しかたがなく、体育は見学という形で授業を受ける事にしてすぐに体育館へと向かった。
―
――
―――
「...っ、なんであいつが弥生の隣に...」
体育館に着き弥生の姿を確認してすぐ、俺はその隣にいる千麻に目がいった。
―俺の...俺の弥生に...っ、
キッと憎しみを込めて千麻を睨む。
俺をこんなんにしたのはきっと千麻の仕業だ。あの平凡...千麻宵人のことで俺に...

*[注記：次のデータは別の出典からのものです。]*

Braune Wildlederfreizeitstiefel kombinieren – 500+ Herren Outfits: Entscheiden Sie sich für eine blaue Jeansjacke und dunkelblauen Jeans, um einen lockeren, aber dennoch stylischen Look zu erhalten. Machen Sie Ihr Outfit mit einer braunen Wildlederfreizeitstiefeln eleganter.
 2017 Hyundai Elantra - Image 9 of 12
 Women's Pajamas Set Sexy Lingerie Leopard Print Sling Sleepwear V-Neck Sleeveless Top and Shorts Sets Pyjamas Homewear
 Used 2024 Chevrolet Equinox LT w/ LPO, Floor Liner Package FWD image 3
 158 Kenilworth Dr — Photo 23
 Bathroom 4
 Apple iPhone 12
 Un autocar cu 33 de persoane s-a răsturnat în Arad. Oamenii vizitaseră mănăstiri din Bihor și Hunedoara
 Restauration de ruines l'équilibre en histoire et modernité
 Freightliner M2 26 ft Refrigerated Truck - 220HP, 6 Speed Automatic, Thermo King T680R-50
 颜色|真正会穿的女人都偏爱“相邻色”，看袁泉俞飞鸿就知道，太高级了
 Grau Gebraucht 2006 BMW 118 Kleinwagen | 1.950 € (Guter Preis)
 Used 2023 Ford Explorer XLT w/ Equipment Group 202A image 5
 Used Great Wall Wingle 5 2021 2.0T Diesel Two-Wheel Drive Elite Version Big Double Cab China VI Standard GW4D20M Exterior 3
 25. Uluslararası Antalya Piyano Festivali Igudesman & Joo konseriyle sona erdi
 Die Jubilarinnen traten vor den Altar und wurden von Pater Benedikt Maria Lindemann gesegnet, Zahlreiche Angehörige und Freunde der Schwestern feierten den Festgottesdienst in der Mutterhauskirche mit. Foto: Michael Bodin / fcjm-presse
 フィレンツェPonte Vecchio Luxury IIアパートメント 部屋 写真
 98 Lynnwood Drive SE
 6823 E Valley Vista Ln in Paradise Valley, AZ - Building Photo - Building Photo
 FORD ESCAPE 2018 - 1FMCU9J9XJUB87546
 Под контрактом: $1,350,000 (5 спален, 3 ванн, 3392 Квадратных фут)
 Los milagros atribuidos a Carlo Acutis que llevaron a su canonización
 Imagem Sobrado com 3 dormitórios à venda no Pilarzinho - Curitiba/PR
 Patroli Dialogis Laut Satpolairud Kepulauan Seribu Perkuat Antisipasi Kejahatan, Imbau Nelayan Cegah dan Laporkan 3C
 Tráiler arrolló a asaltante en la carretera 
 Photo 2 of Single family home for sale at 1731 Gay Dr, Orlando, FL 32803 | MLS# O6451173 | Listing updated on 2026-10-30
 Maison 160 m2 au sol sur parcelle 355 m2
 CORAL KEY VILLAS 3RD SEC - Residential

いじめてたのは俺だけじゃないのに...晴紀や和史だって...
「...っ!」
「綾西君!おはよう」
近づくこともできずに睨んでいれば、不意に千麻がこちらを向き微笑んできた。そして弥生を置いて俺の方へと駆け寄ってくる。
その瞬間、俺はあの日の千麻との出来事を思い出し、じわり...と脂汗を掻く。
―こっちに...来るな...っ、
しかし、駆けだすよりも早く千麻は逃げられないように俺の手を掴んできた。
「最近会わなかったからさ...心配したんだよ?...すごくね」
そして今度は歪んだ笑みを作り、千麻は俺の耳元でそう呟いた。
ぞくり、と背筋は凍り、緊張感が高まって心臓の音はバクバクと五月蠅く鳴り響く。
千麻への恐怖心に対してもろに体は反応し、そんな自分自身に苛立ちを感じるが、どうすることもできなかった。